(DATASET EXTRACT)
++++++++
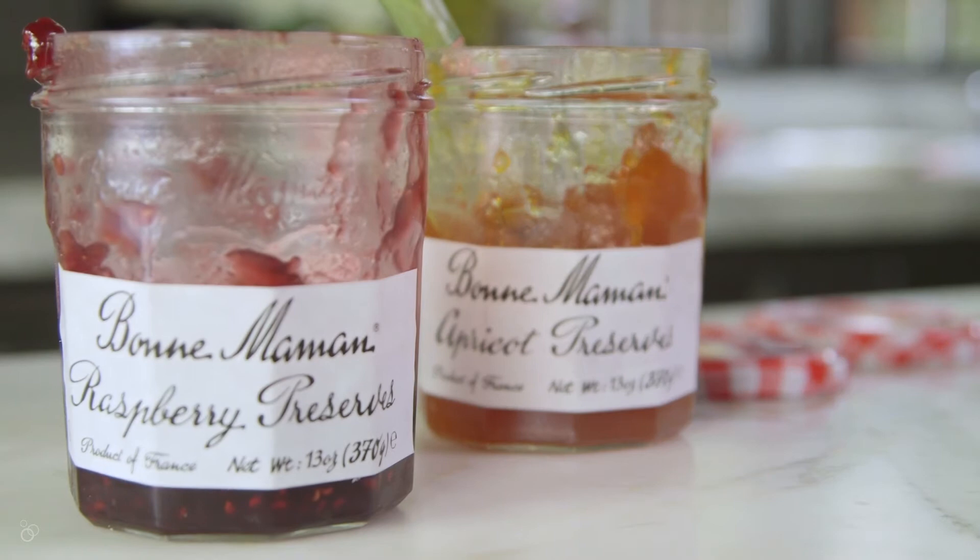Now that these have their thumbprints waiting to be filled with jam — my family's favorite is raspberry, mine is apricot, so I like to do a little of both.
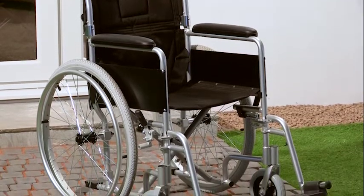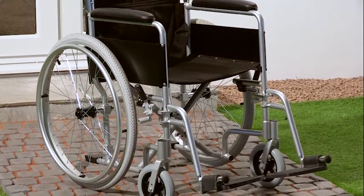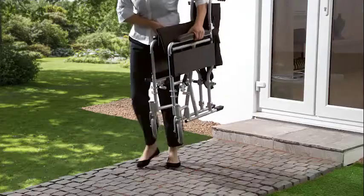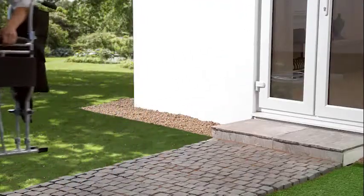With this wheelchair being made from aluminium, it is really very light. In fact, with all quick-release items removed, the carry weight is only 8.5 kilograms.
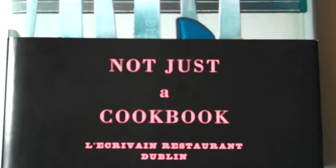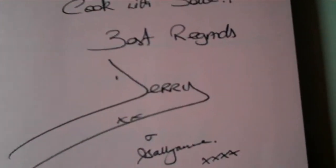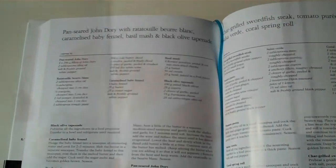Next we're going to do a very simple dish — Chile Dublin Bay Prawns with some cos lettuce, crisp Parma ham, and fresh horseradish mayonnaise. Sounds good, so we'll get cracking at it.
++++++++
(WORK INSTRUCTIONS) Copy out all the data without changing anything, and drop the pictures.

(EXERCISE OUTPUT)
Now that these have their thumbprints waiting to be filled with jam — my family's favorite is raspberry, mine is apricot, so I like to do a little of both.
With this wheelchair being made from aluminium, it is really very light. In fact, with all quick-release items removed, the carry weight is only 8.5 kilograms.
Next we're going to do a very simple dish — Chile Dublin Bay Prawns with some cos lettuce, crisp Parma ham, and fresh horseradish mayonnaise. Sounds good, so we'll get cracking at it.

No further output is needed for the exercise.